Read more on: http://kparal.wordpress.com/2009/10/21/rpmguard-print-important-differences-...
Any comments welcome!
Kamil
On Wed, 2009-10-21 at 06:56 -0400, Kamil Paral wrote:
I have created a simple tool called rpmguard for checking differences between RPM packages. It is very similar to rpmdiff, but it prints only important changes, not all. Therefore it can be used every time a new package is built to easily see if something hasn’t went completely wrong.
Read more on: http://kparal.wordpress.com/2009/10/21/rpmguard-print-important-differences-...
Any comments welcome!
One more important difference to check between packages is changes in library symbols. There is tool exist called rpmsodiff to check it. Would be nice to see that integrated too.
Alexey
----- "Alexey Torkhov" atorkhov@gmail.com wrote:
On Wed, 2009-10-21 at 06:56 -0400, Kamil Paral wrote:
I have created a simple tool called rpmguard for checking
differences
between RPM packages. It is very similar to rpmdiff, but it prints
only
important changes, not all. Therefore it can be used every time a
new
package is built to easily see if something hasn’t went completely
wrong.
Read more on:
http://kparal.wordpress.com/2009/10/21/rpmguard-print-important-differences-...
Any comments welcome!
One more important difference to check between packages is changes in library symbols. There is tool exist called rpmsodiff to check it. Would be nice to see that integrated too.
Alexey
Thanks for an idea, I have created a ticket for it: https://fedorahosted.org/autoqa/ticket/75
Kamil
2009/10/21 Kamil Paral kparal@redhat.com:
Hi,
I have created a simple tool called rpmguard for checking differences between RPM packages. It is very similar to rpmdiff, but it prints only important changes, not all. Therefore it can be used every time a new package is built to easily see if something hasn’t went completely wrong.

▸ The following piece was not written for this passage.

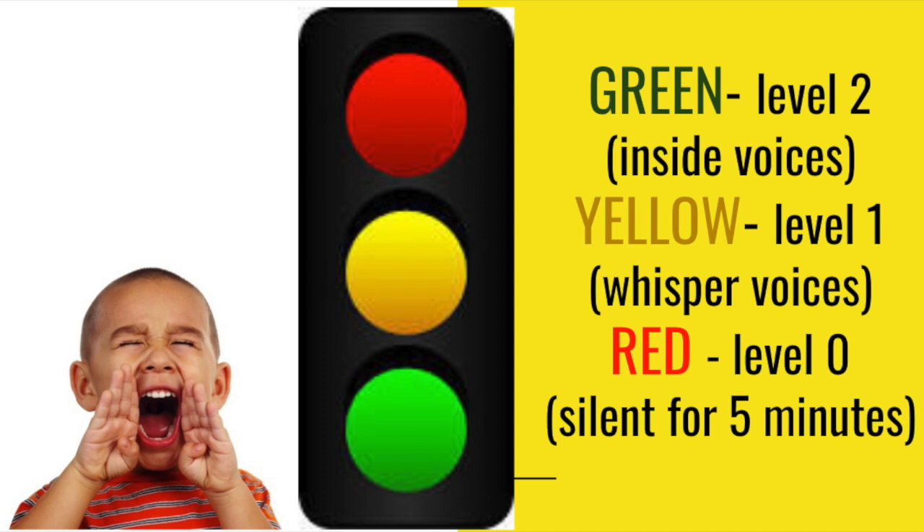Classroom volume in the art room: we use the traffic light system. Green is inside voices — talking at a normal level to the people around you. Yellow is a whisper — if we're too loud on green, we move to yellow where we can still talk but in a whisper voice. Red light means silent for five minutes. Mrs. Schradle will set a timer, and if we make it five minutes without anybody talking, we go back to yellow. If someone talks, the timer restarts and continues on and on.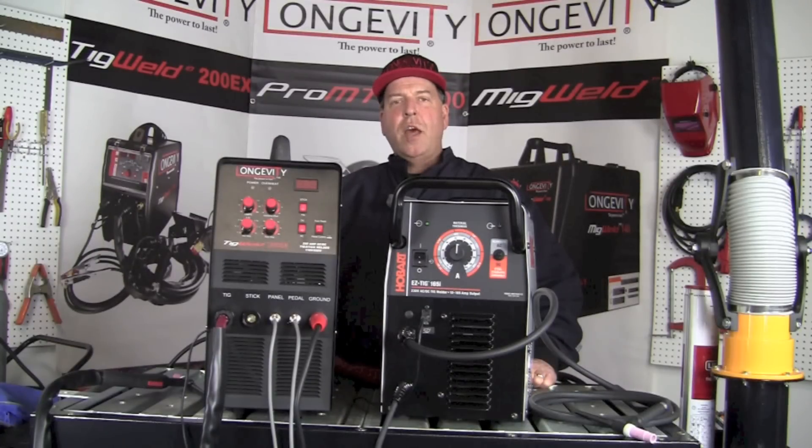Hello and welcome to the Longevity Learning Lab. Today we're going to take a look at a head-to-head comparison of the TIG Weld 200SX by Longevity Welding and the Easy TIG 165i by Hobart. Hang out for a few minutes and let's take a look at some of the comparisons and features that these machines offer.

Was it not easier to just add a "less verbose" mode to rpmdiff?
On Wed, 2009-10-21 at 15:12 +0000, Mat Booth wrote:
2009/10/21 Kamil Paral kparal@redhat.com:
Hi,
I have created a simple tool called rpmguard for checking differences between RPM packages. It is very similar to rpmdiff, but it prints only important changes, not all. Therefore it can be used every time a new package is built to easily see if something hasn’t went completely wrong.
Was it not easier to just add a "less verbose" mode to rpmdiff?
As we discussed in the QA meeting this week, that may well be ultimately what this becomes, but for now it's a separate tool while Kamil works on it. He may well end up submitting it as a patch for rpmdiff in the end.